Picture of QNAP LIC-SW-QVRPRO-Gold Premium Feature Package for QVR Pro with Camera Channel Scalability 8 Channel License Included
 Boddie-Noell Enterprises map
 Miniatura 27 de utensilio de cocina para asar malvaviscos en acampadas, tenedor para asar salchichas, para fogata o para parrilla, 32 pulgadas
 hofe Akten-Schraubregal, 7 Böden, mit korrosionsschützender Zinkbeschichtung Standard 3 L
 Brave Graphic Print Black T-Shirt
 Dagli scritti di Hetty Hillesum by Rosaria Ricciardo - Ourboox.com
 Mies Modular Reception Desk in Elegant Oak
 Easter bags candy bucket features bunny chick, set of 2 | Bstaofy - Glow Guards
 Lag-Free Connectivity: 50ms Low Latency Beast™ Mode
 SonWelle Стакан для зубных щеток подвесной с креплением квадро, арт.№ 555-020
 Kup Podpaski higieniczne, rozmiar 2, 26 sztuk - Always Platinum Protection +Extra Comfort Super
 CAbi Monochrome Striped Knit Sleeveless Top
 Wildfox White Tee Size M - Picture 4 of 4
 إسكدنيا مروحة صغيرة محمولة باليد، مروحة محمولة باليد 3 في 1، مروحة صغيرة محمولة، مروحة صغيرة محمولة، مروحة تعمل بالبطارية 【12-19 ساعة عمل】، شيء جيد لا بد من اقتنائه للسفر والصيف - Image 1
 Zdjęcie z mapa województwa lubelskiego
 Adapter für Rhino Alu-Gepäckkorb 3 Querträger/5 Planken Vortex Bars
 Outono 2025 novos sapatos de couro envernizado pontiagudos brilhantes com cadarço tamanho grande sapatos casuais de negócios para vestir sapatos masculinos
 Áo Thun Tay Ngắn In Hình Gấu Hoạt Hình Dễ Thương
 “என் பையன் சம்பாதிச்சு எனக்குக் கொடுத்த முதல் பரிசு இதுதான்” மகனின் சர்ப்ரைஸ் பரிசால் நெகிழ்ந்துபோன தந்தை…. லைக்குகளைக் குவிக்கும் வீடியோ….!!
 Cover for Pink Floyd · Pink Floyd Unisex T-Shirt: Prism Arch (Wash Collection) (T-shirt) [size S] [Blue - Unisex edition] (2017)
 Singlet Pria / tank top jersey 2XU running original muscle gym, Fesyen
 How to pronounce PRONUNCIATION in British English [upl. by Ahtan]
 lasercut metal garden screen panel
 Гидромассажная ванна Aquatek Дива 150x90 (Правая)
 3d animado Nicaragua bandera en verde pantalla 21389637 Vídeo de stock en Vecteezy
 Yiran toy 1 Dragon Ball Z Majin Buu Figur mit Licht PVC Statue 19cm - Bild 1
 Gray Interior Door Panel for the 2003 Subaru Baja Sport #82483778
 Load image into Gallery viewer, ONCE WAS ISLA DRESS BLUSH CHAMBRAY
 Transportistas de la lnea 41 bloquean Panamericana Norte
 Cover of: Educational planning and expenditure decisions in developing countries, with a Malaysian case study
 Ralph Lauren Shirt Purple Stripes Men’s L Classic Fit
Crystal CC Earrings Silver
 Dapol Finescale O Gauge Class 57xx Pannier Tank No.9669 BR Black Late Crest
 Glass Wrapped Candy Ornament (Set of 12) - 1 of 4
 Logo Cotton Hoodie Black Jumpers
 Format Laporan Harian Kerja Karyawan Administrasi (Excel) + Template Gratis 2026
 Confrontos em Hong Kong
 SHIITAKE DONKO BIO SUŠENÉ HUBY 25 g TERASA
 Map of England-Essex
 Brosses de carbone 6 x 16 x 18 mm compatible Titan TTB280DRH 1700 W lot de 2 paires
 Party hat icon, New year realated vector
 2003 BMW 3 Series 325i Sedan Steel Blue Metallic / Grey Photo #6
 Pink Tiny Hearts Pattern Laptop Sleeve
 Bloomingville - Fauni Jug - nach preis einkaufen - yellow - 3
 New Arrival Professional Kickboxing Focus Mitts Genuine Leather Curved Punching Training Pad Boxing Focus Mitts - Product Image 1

__________________________________________________

Within the data above, filter for lines containing the word "Pink" and copy each one.

- [TASK RESPONSE]
 Cover for Pink Floyd · Pink Floyd Unisex T-Shirt: Prism Arch (Wash Collection) (T-shirt) [size S] [Blue - Unisex edition] (2017)
 Pink Tiny Hearts Pattern Laptop Sleeve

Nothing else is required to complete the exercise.